J’ai déjà mentionné la ville, l’alcool et la drogue et Monica, que je sens en moi, dont j’ai tiré les cheveux sur toute leur longueur, sans me préoccuper des nœuds qui pouvaient arrêter de temps en temps mes doigts, sa disparition que je ne fais qu’évoquer, et l’autre prison, en couleurs, silencieuse, qui m’attrape dès que je lève les yeux: la position des corps trop pâles, des jambes velues, le goût de simulacre que prend la réalité lorsqu’elle parvient trop vivement, longtemps après l’excitation première—qui donc laisse le film se dérouler une fois l’orgasme atteint?

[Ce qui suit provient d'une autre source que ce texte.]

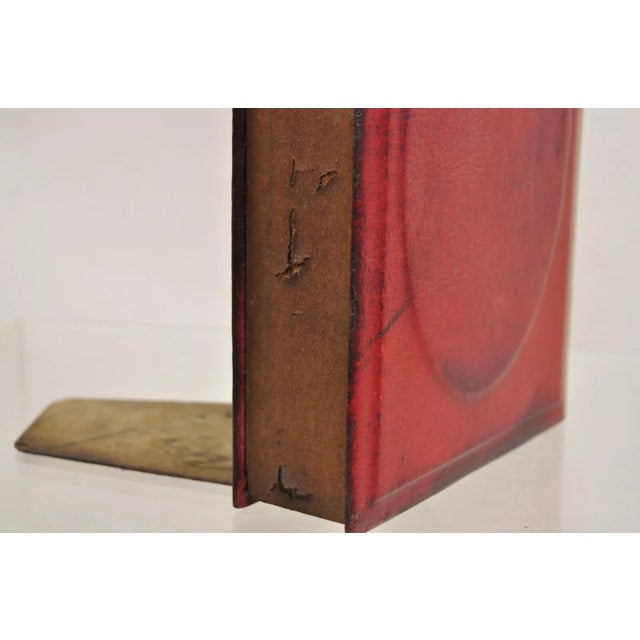 Red Vintage Italian Regency Red Leather Bound "Science" Faux Book Bookend For Sale - Image 8 of 11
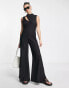 Topshop slash neck wide leg jumpsuit in black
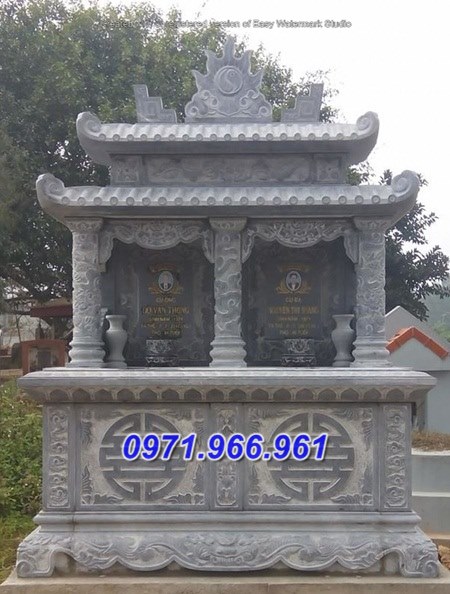 mẫu nhà mồ đá đôi cất để tro cốt đẹp tại ninh thuận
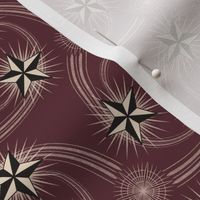 ★ NAUTICAL STAR TATTOO ★ Black and White on Burgundy / Collection : Rockabilly Style - Retro 50s Prints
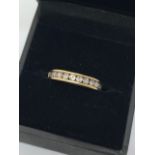 9ct gold diamond (0.50ct) half eternity ring (sz I.5)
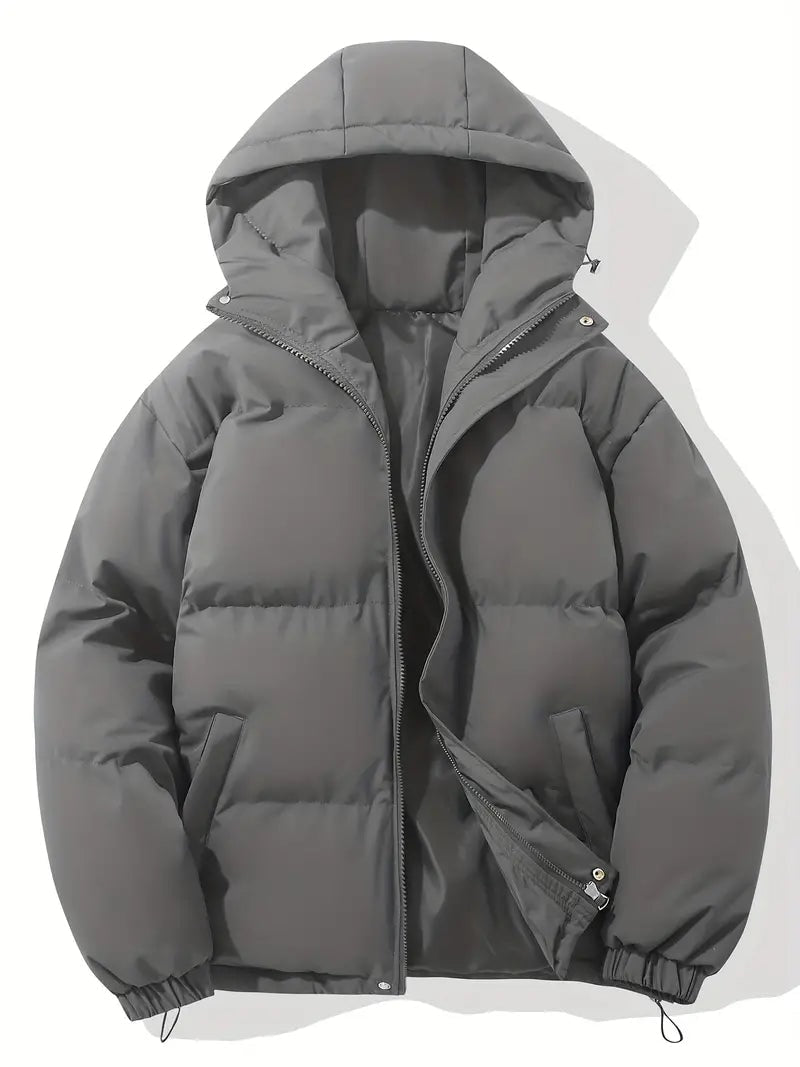 Warm Ladies Jacket with Hood - Aurelia-Dark gray-M-Nora Luxe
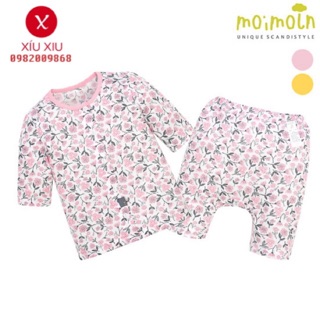 [Sz 80 đến 110] Bộ cotton giấy hoa nhí hồng xuất Hàn hiệu Moimoln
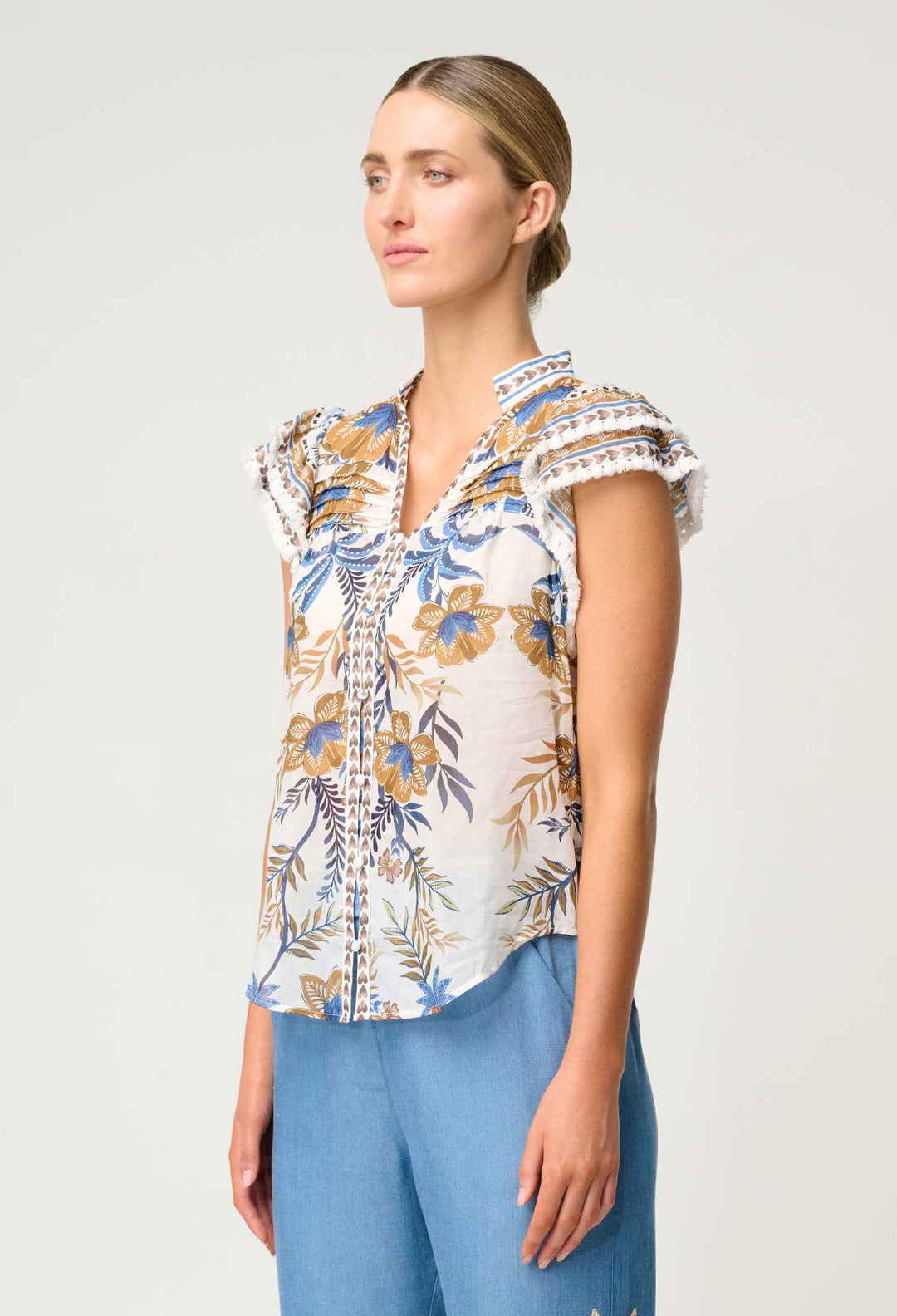 OnceWas Luma Silk Cotton Flutter Sleeve Top in Golden Medina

Si j’ai repensé à Monica ce n’est par parce que cette femelle, sexe brûlant, gorge vive, se débat sous les coups du mâle de l’écran; Monica est là depuis bien longtemps, pelotonnée, je l’ai dit, comme un cube en forme d’étoile, tout contre moi, dans la pluie vorace de Brooklyn; si elle a disparu, c’est parce que je l’ai effacée; ma main se refroidit de sa chevelure, encore humide de sueur; la sueur provenait directement de l’alcool et des amphétamines; si elle a disparu, c’est qu’elle est trop entrée en moi, qu’elle a guéri l’étoile, la forme béante dont elle était le complément.

Une main se refermant sur un sexe ou dans un gant de cuir, voilà la porte qu’on a clos sur mes pas.

La routine et la solitude détruisent l’instant. Au milieu des spectres dont ne parviennent que la violence, les corps et la bêtise, j’attends. Même si je sais, je compte, je cherche à préciser le temps qui passe, je ne le comprends plus. La prison est très bien construite, on ne voit absolument rien depuis ses fenêtres; le fer y caresse juste le béton.

Rien ne pouvait plus me ramener à Monica que l’arbre et le souvenir du métal. Des années plus loin, bercé par cette pornographie d’hôtel, le voile du temps soulevé, c’est l’amertume de sa bouche cette nuit là qui me revient d’abord, après la victoire; après le bruit, la musique, la sueur; après l’alcool du triomphe; après cette absence rebondie marquant son ventre contre le mien, ses vides, la courbure que je cherchais à remplir dans la danse, ivre, par des mouvements du bassin, déjà, des préludes, des masques, des mimes. La chaleur humide, le rythme qui l’augmentait et anticipait une libération brutale, la volonté de posséder cette longue chevelure brune, fuyante, sa peau mate, passant de l’un à l’autre dans les mêmes effusions, les mêmes transports, et moi, au bar, trempé de pluie, de sueur et de désir, les mains refermées autour d’un verre, je regardais dans la cour le mur de briques, la façon qu’avait l’orage d’y faire des dessins, d’y multiplier les ocres en les brunissant; les briques observaient sans regard les danseurs si serrés qu’ils étaient une grande chair compacte, sombre, où brillait Monica.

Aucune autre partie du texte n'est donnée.